Kehidupan Jamaah yang Dinamis
Masjid yang hidup adalah masjid yang diisi oleh jamaah dengan segala dinamika dan kesehariannya. Di Masjid Nabawi, selepas salat fardu hampir selalu ada pelaksanaan salat jenazah. Di Masjid Al-Jihad, fenomena salat jenazah sangat sering ditemui setelah pelaksanaan salat fardu, dalam satu kali salat jenazah bahkan tidak hanya utuk 1–2 jenasah tetapi lebih, tidak hanya hanya untuk jenasah dewasa atau tua tetapi temasuk jenasah anak-anak. Menurut Ketua Takmir Masjid Al-Jihad, H. Taufik Hidayat, Masjid Al-Jihad tidak hanya menyelenggarakan salat jenasah saja tetapi sekaligus melayani penjemputan jenasah yang lokasinya jauh dari Masjid Al-Jihad sekalipun. Tim Masjid Al-Jihad juga siap dalam proses pelayanan memandikan jenasah dan memakamkan jenasah. Semua layanan jenasah tersebut diberikan oleh Masjid Al-Jihad secara terbuka untuk semua kalangan masyarakat baik yang mampu maupun yang tidak mampu membiayai. Untuk warga yang tidak mampu secara biaya maka akan dibantu oleh Masjid Al-Jihad. Meski tidak selalu terjadi di Masjid Al-Jihad, suasana masjid yang terus bergerak, termasuk hal-hal sederhana seperti suara batuk jamaah yang bergantian terdengar dari berbagai sudut (seperti echo) yang menggema saut menyaut terutama saat salat subuh sebagaiman hal itu juga terjadi di Masjid Nabawi, menjadi tanda bahwa masjid Al-Jihad ini benar-benar dihidupkan oleh umatnya, bukan sekadar oleh bangunan monumental.
Ruang Pembinaan Generasi Muda
Satu hal yang sangat membanggakan menurut penulis adalah keterlibatan generasi muda. Banyak anak muda yang menjadi imam, muazin, atau berperan bidang lainnya yang menjadi bagian dari kegiatan masjid. Generasi muda ini tidak hanya mengisi jadwal, tetapi tampil dengan kualitas bacaan yang baik. Ini menunjukkan bahwa Masjid Al-Jihad telah menjadi wadah pembinaan generasi muda yang efektif dan berkesinambungan, sebuah ciri khas masjid yang visioner. Menurut salah satu aktifis Masjid Al-Jihad, Gusti Boy, menyatakan bahwa Takmir Al-Jihad sangat akomodatif, terbuka, dan memberi ruang ekspresi bagi generasi muda untuk mengembangkan bakat dan potensinya melalui Masjid Al-Jihad.

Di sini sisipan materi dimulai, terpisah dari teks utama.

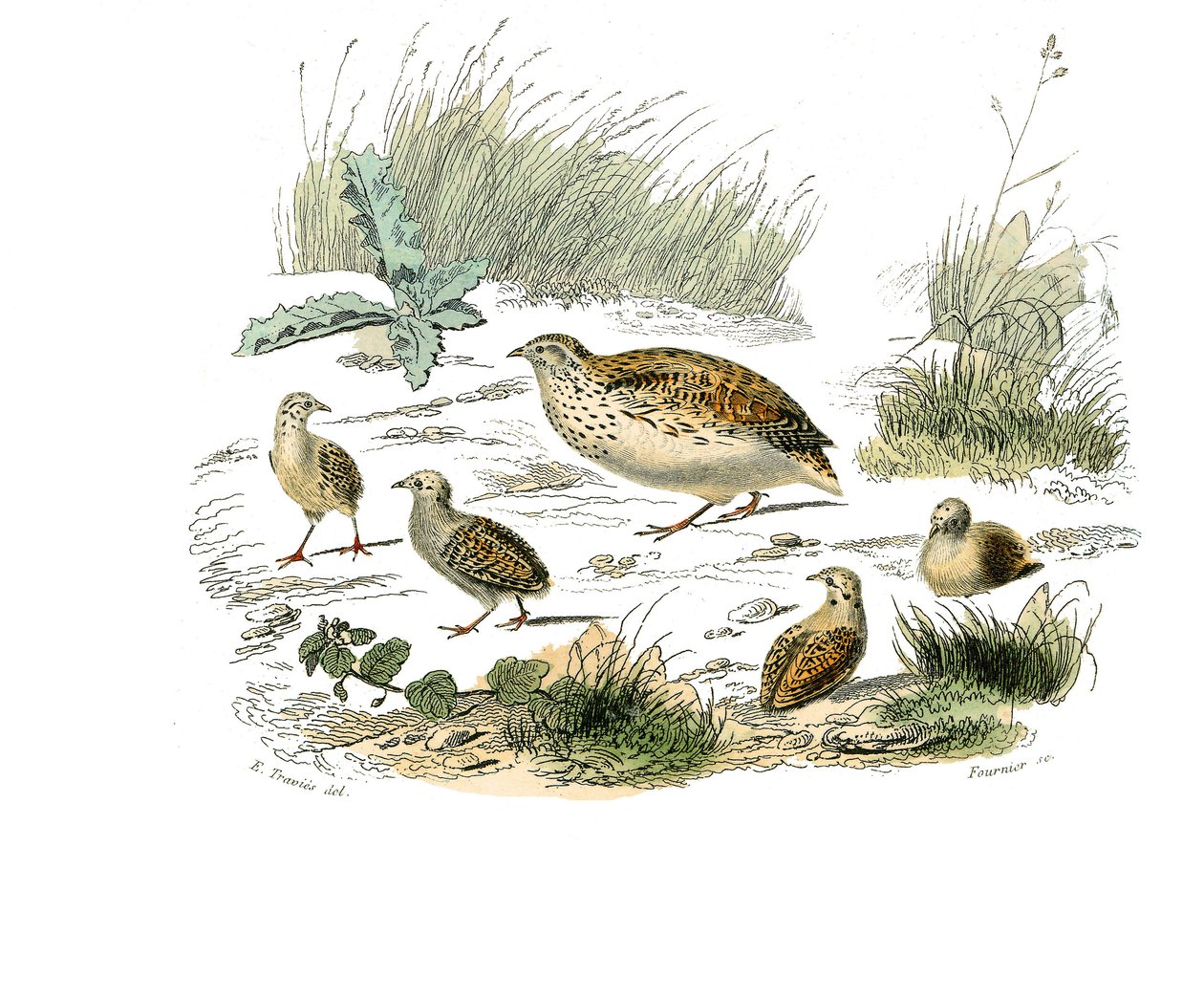 Naturhistorisk nämnd: Zoologisk nämnd som representerar gallinaser: vaktel. Plåt tecknad från de nio volymerna om fåglar i "" Works complete of Buffon""" skriven av naturforskaren Georges Louis Leclerc, greve av Buffon (1707-1788) mellan 1749 och 1785. Ill av Edouard Travies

Sebuah Pengalaman yang Layak Disyukuri
Menghabiskan sepekan di Banjarmasin dan tentu di Masjid Al-Jihad bukan hanya tentang menghadiri atau mengikuti sesi kegiatan CRM Award VI LPCRPM Pimpinan Pusat Muhammadiyah, tetapi juga merasakan pengalaman spiritual yang sangat berharga di Masjid Al-Jihad. Ada suasana tenang, nyaman, dan khusyuk yang mengingatkan penulis pada Masjid Nabawi di Madinah. Perpaduan kemegahan bangunan, kualitas ibadah, serta dinamika jamaah menjadikan masjid Al-Jihad ini salah satu masjid perkotaan yang memiliki ruh istimewa yang akan menyisakan rasa rindu bagi jamaah yang harus kembali meninggalkan Banjarmasin sebagaimana jamaah haji/umrah yang rindu Masjid Nabawi setelah meninggalkan Madinah.
Namun perlu penulis sampaikan juga dari pengalaman mengunjungi Banjarmasin bahwa selain Masjid Al-Jihad masih banyak masjid Muhammadiyah lainnya di Banjarmasin khususnya dan di Kalimantan Selatan umumnya yang memiliki kekuatan jamaah dan kualitas pelaksanaan ibadah yang bagus. Semoga suasana keberkahan yang telah terbentuk di Masjid Al-Jihad dan masjid lainnya dapat terus dijaga, dirawat, dan dikembangkan sehingga menjadi masjid yang dikelola secara profesional sebagai pusat ibadah, dakwah, pembinaan umat, serta menjadi masjid yang ramah jamaah dan bernuansa ruhani yang kuat sekaligus menjadi teladan bagi masjid-masjid Muhammadiyah lain di Indonesia.